The Royal Institute of Chartered Surveyors (RICS) has released a new draft Residential Retrofit Standard for surveyors, with the aim of "revolutionising" retrofitting practices in the UK.

The consultation is a response to feedback gathered by RICS in its last Residential Market Survey, which indicated that energy efficient homes are more desirable and valuable.  Retrofitting existing housing stock with energy efficient measures (EEMs) is a key part of reaching the Government's net-zero target and the publication of a new Standard aimed specifically at this issue reflects the profession's vital role in reaching this goal and the scope of the task ahead.
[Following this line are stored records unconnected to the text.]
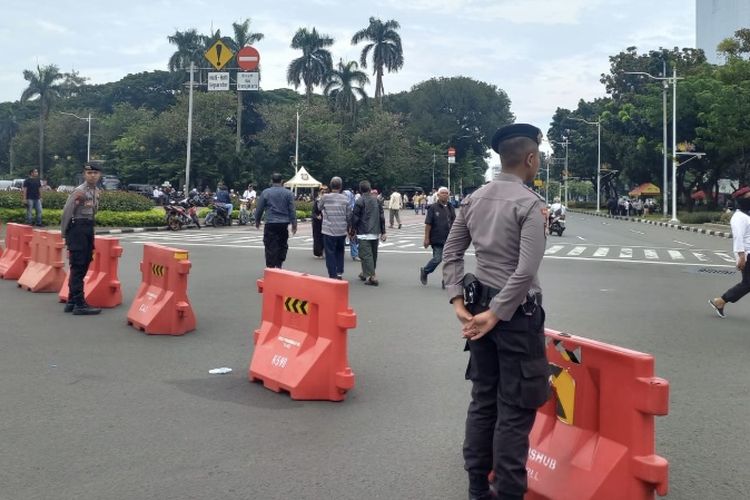Polisi melakukan pengalihan arus lalu lintas (lalin) tepat di Jalan Medan Merdeka Barat, Jakarta Pusat, imbas adanya demo pada Jumat (19/4/2024) siang. 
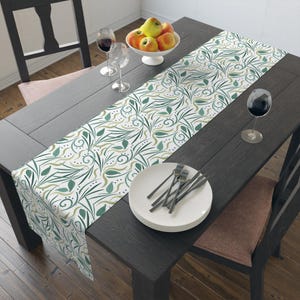 May include: A dining table set with a white and green patterned table runner. The table is set with plates, forks, wine glasses, and a bowl of apples. The table and chairs are dark wood.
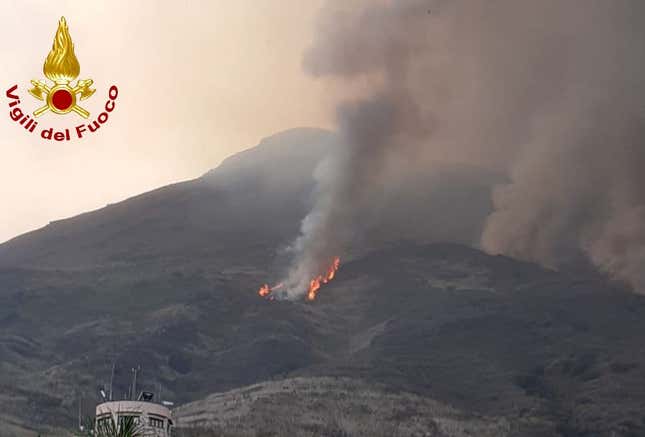 Smoke rises from the volcano on the island of Stromboli.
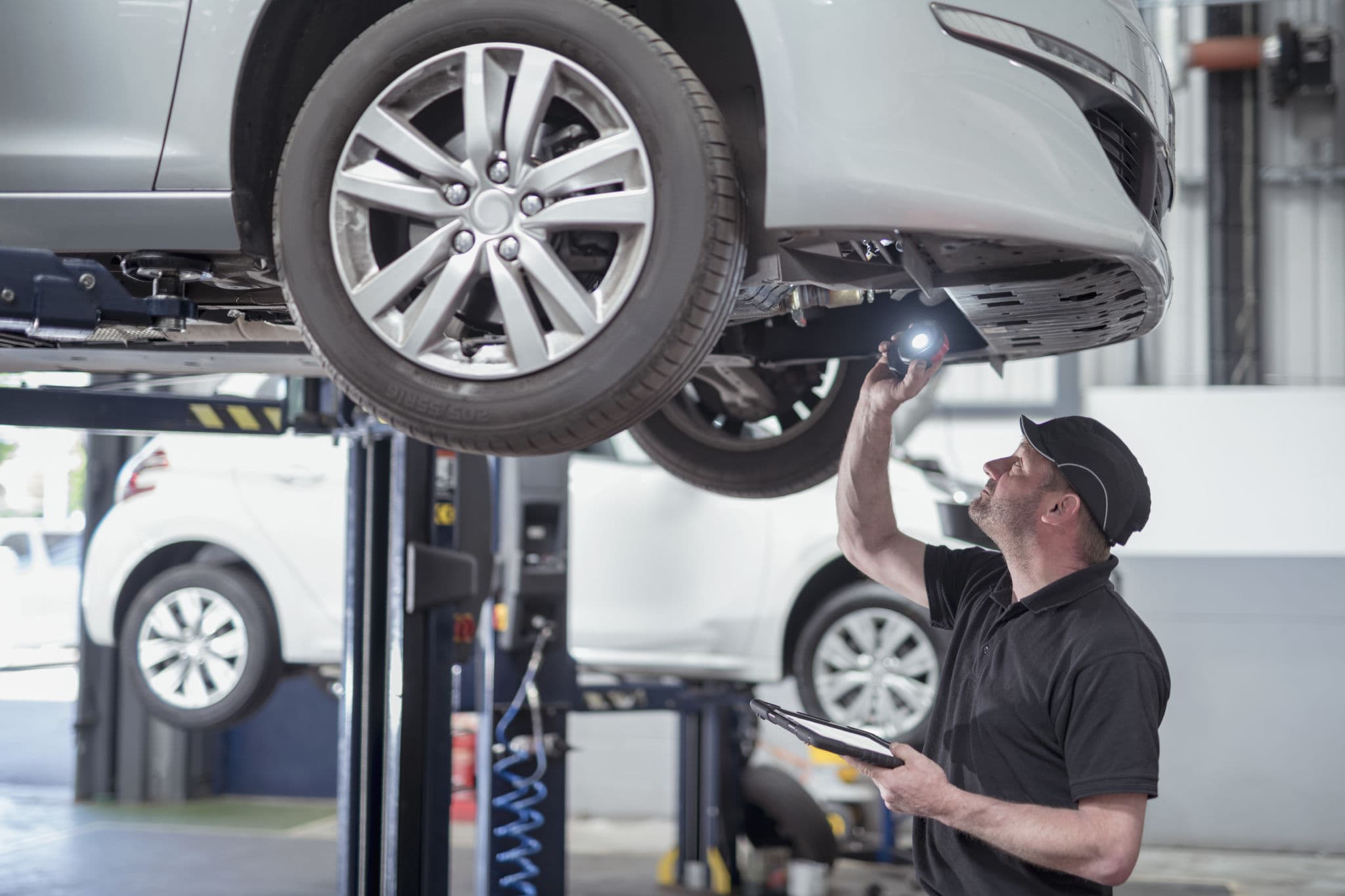 Mechanic inspects the underside of a car on a lift, to show parts and labor cost that may impact your car insurance rate
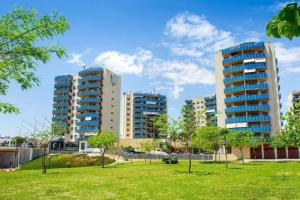 un parc devant de grands immeubles dans l'établissement Norwegian Woods - Abedules, à El Campello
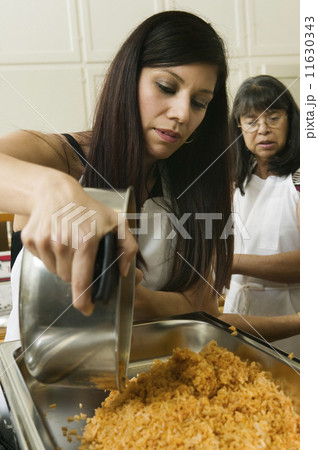 Hispanic woman pouring food into pan Hispanic woman pouring food into pan 11630343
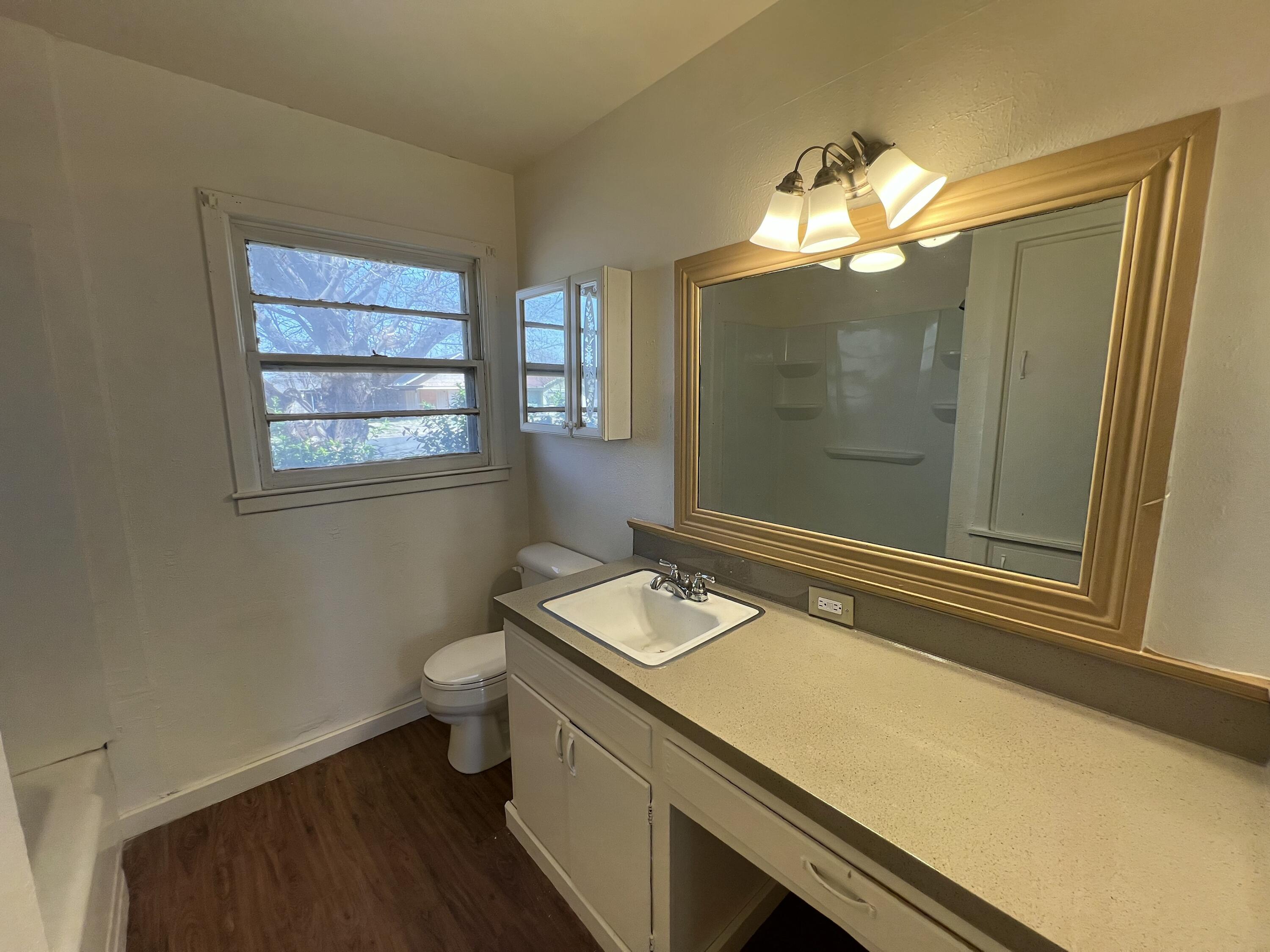 1907 45th Street Lubbock, TX 79412 - Photo 12 of 16 Hallway Bathroom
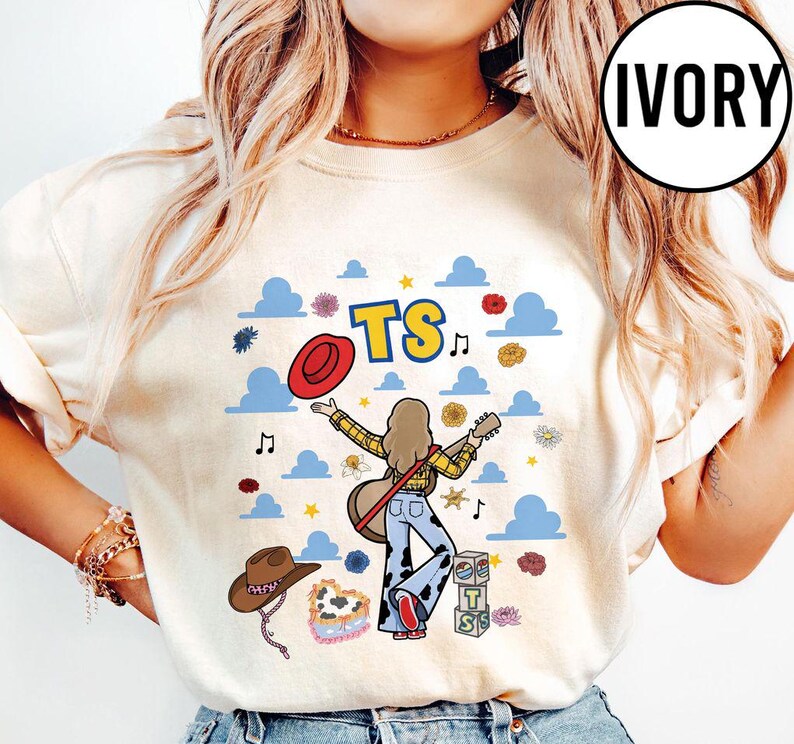 May include: An ivory t-shirt featuring a graphic of a person with long hair playing a guitar, wearing a yellow plaid shirt and cow-print pants. The design includes blue clouds, a red hat, a brown cowboy hat, flowers, music notes, and the text TS.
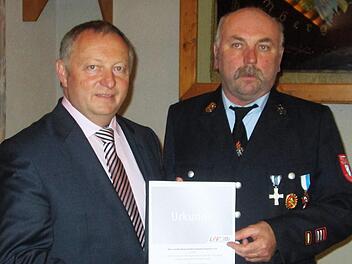 Für seine Verdienste bei der Feuerwehr nahm Thomas Schipper (rechts) das Ehrenzeichen des Landesverbands von Landrat Thomas Bold entgegen. Winfried Ehling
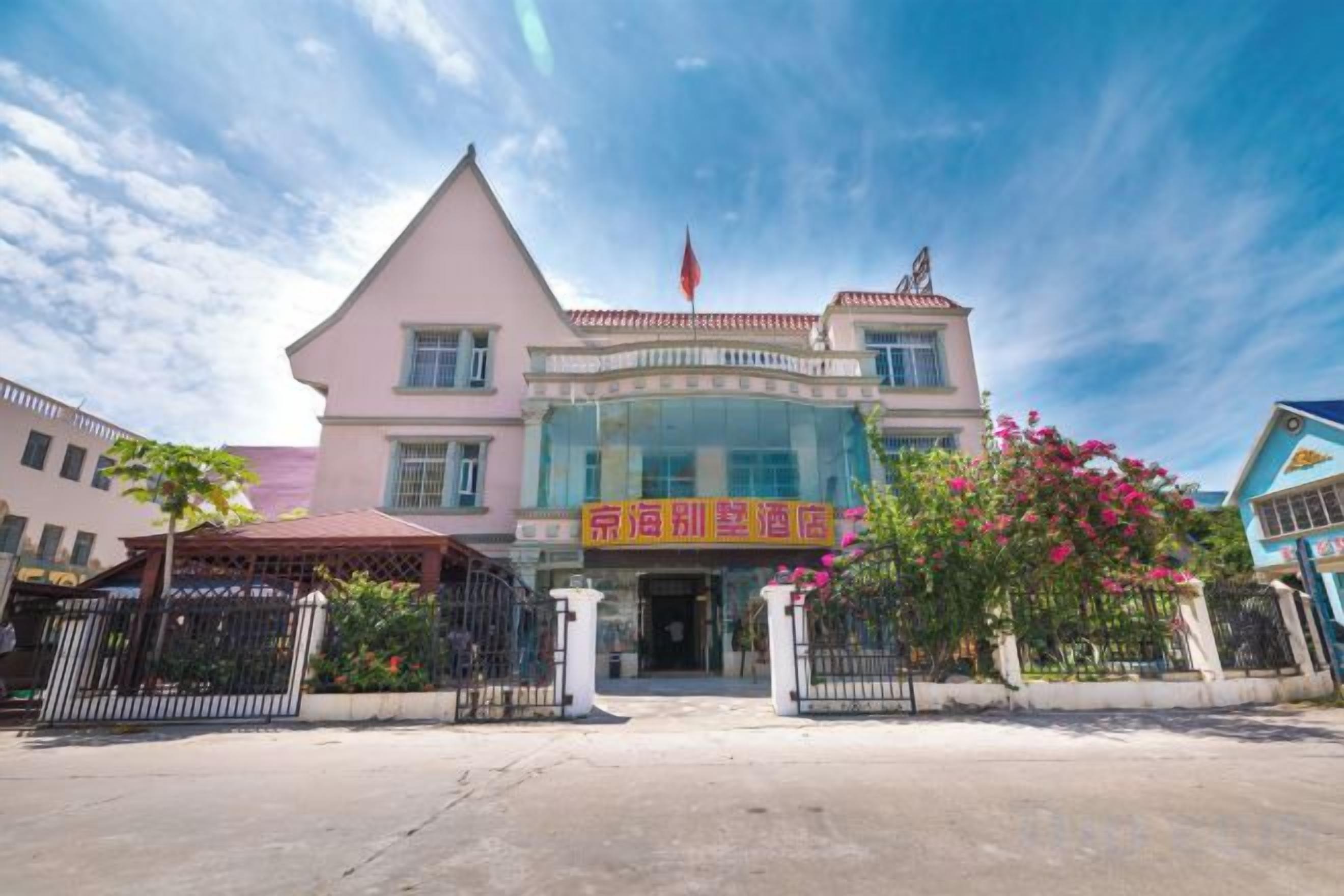 A hotel with a prominent entrance, a flag, and a signboard.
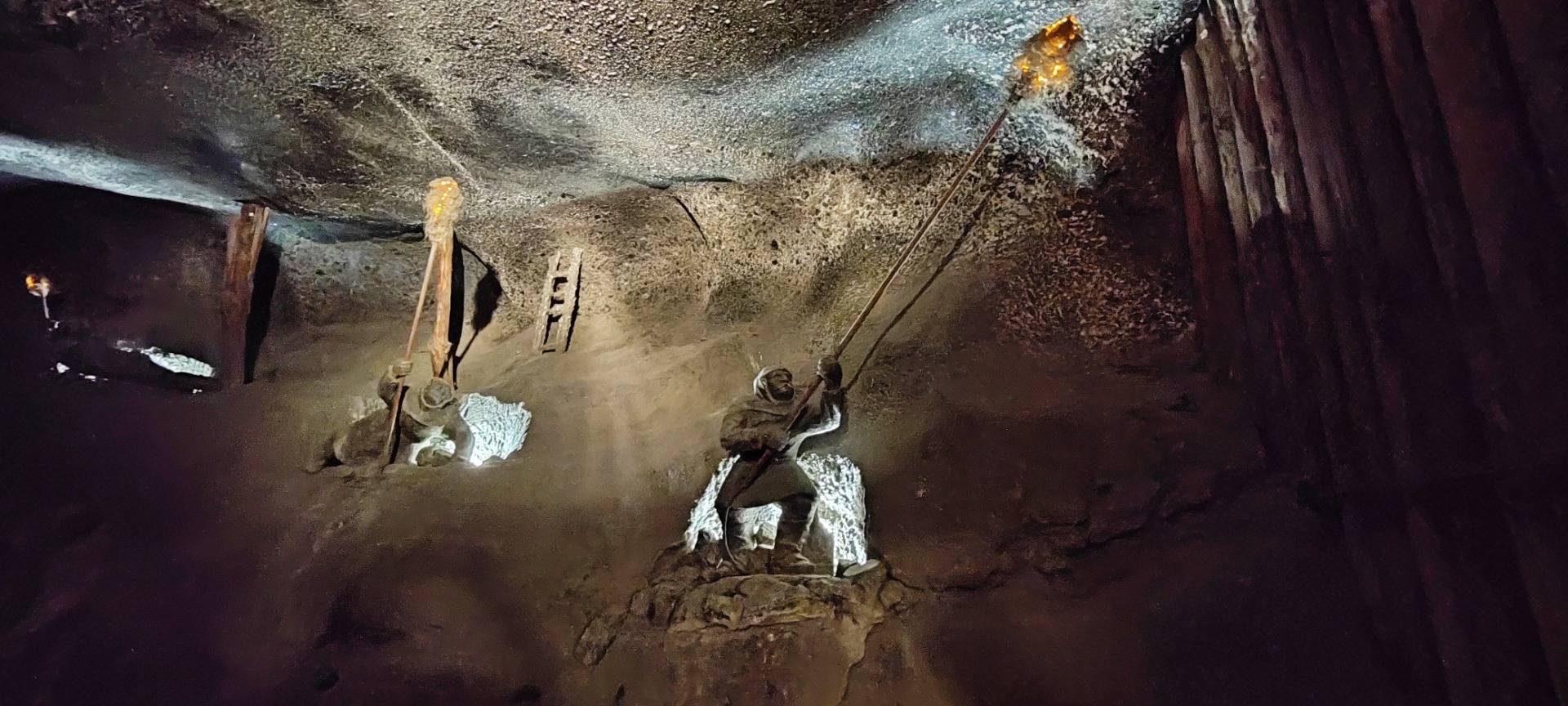 This miner is burning gases out of the cave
According to RICS, an estimated 25 million homes in the UK will require some form of energy improvement work.  The move is particularly well-timed as the demand for retrofit advice is increasing in light of high energy prices.

RICS' consultation on the new standard is open until 12 September 2023 and can be found here.  RICS has not yet confirmed when the new Standard will come into force, if approved.  After the consultation, responses will be reviewed by the Expert Working Group (in which RPC is involved) and be redrafted where needed.

When will the new Standard apply?

RICS Professional Standards set mandatory and good practice guidelines for surveyors' ethics and technical competence and are relied upon in regulatory proceedings as well as being relevant to civil claims.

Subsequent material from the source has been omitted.